Por Roberto Lameirinhas

Deputado da bancada ruralista tenta aprovar lei que permite pagamento de trabalhador rural com moradia e alimentação

Por ingenuidade ou excesso de crença na espécie a que pertencem, algumas pessoas - entre as quais me incluo - tendem a acreditar que algumas linhas vermelhas não voltarão a ser ultrapassadas. Por exemplo, há um certo consenso sobre o fato de alguns políticos estão na vida pública para defender mesmo interesses próprios ou dos grupos que representam e há pouca dúvida de que a cara de pau da maior parte deles é capaz de muita coisa, mas o que se acreditava era que eles continuariam se empenhando ao menos em dissimular seus atos.

As aparências não enganam mais

Ato do Dia do Trablhador no Rio 

No entanto, a frase de um desses célebres representantes do grande poder econômico - “às favas com os escrúpulos” -, de 1969, continua atual. O Congresso discute nestes dias os destaques sobre a reforma trabalhista, vendida pelo atual “governo” como algo “muito favorável” ao trabalhador. O próprio Michel Temer, no dia do Trabalho, dirigiu mensagem aos trabalhadores para tentar convencê-los de que abrir mão de seus direitos vai ajudar a criar mais empregos.

 A tese, defendida por grupos empresariais de diversos setores, é absurdamente frágil. Pois no capítulo sobre o trabalho rural, o projeto do representante da bancada ruralista Nilson Leitão (PSDB-MT) beira o inacreditável.

 Ela permitiria ao empregador rural pagar seus trabalhadores com “remuneração de qualquer espécie”, e não apenas com salário. O lavrador poderia ser pago com “moradia e alimentação”. O texto aumenta para até 12 horas a jornada diária por "motivos de força maior" e faculta ao empregador a substituição do repouso semanal dos funcionários por um contínuo, após até 18 dias de trabalho seguidos. Pelo projeto, também seria autorizada a venda integral das férias dos empregados.
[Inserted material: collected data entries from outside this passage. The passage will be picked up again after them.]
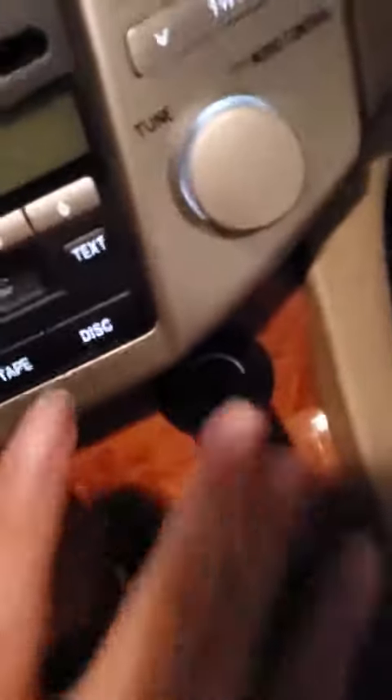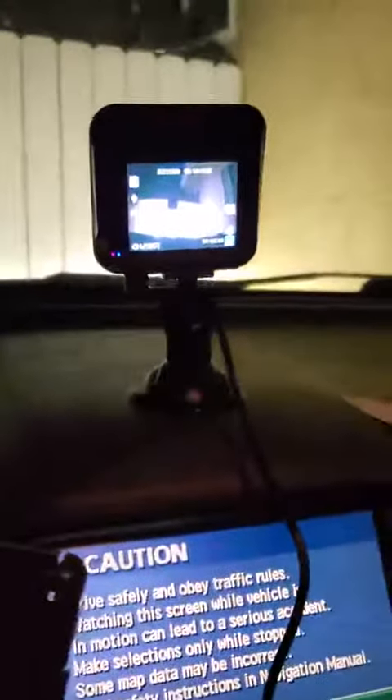So this is a car charger right here and I set up a camera like this. I don't know why the screen is upside down and I don't know how to fix it. Now it's 2:25 PM, it's ready. Let's give it a try.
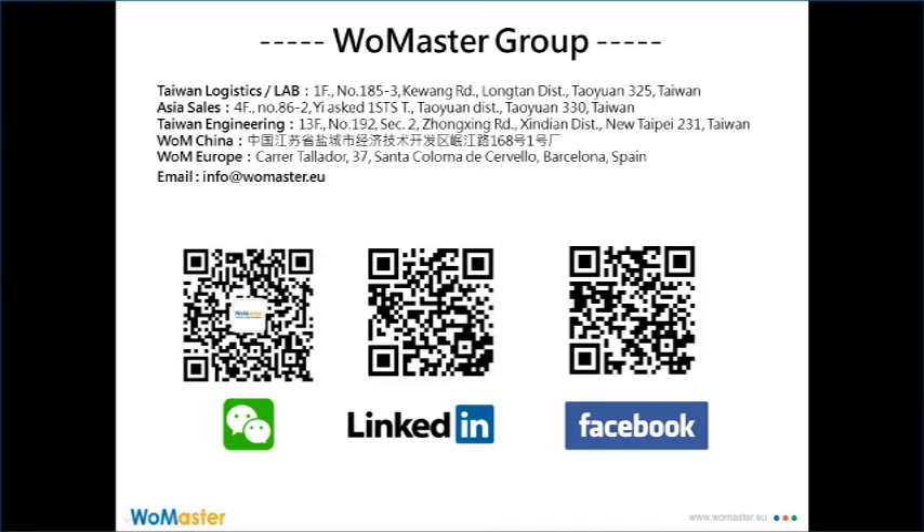If you like the video, please follow our LinkedIn and Facebook to get the latest information. Thank you.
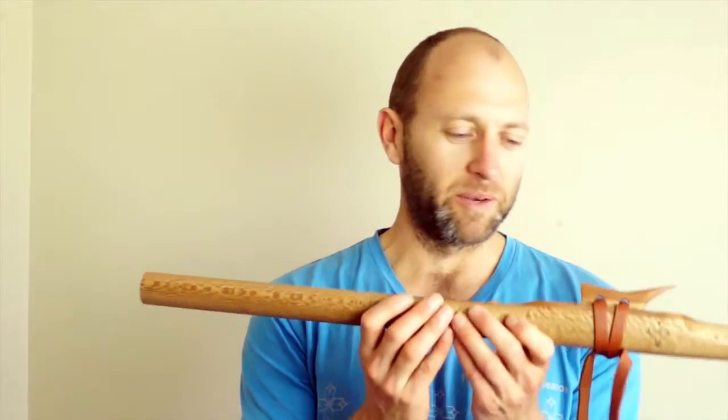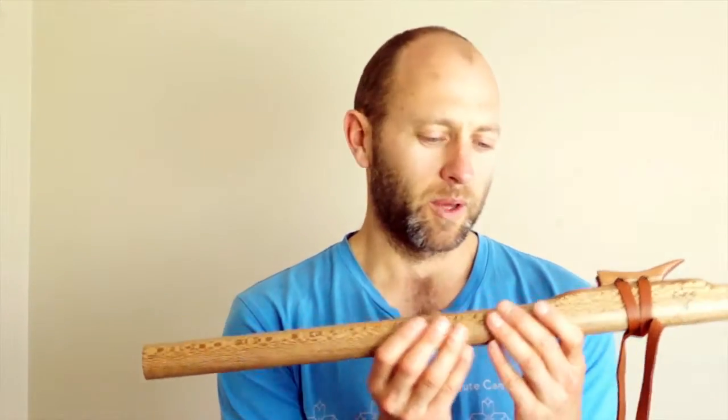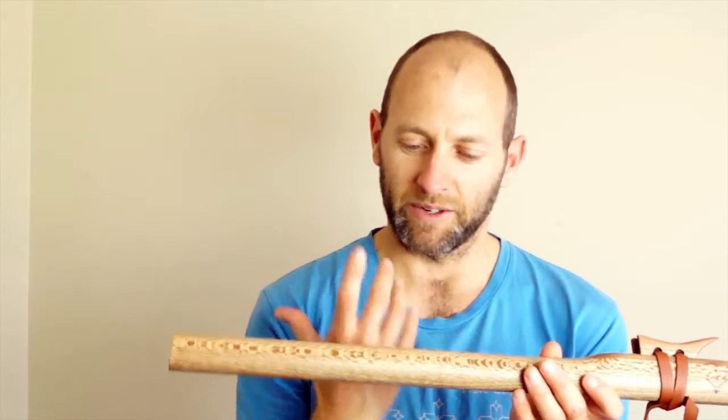Hey there, Todd from Southern Cross Flutes. We've got a Riwariwa E minor Love Flute with Pahuta Kaowa and Rose Quartz stone set into it. Riwariwa is another native New Zealand timber — it's a hardwood with a beautiful grain as you can see. As an E minor, it's quite a deep, soft flute. The finger holes are offset to the left and to the right, so let's have a listen.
 Na visão dos defensores da reforma trabalhista - e eles se dividem entre empresários passarinhescamente inescrupulosos e trabalhadores idiotizados pelo “senso comum” propagandeado pela mídia -, a proposta apenas reconhece uma situação que já existe no campo. Ocorre que hoje essa situação é irregular e, colocando a vida em risco, promotores e fiscais do Ministério do Trabalho atuam fazendeiros por prática similar à escravidão, como recomenda a Organização Internacional do Trabalho.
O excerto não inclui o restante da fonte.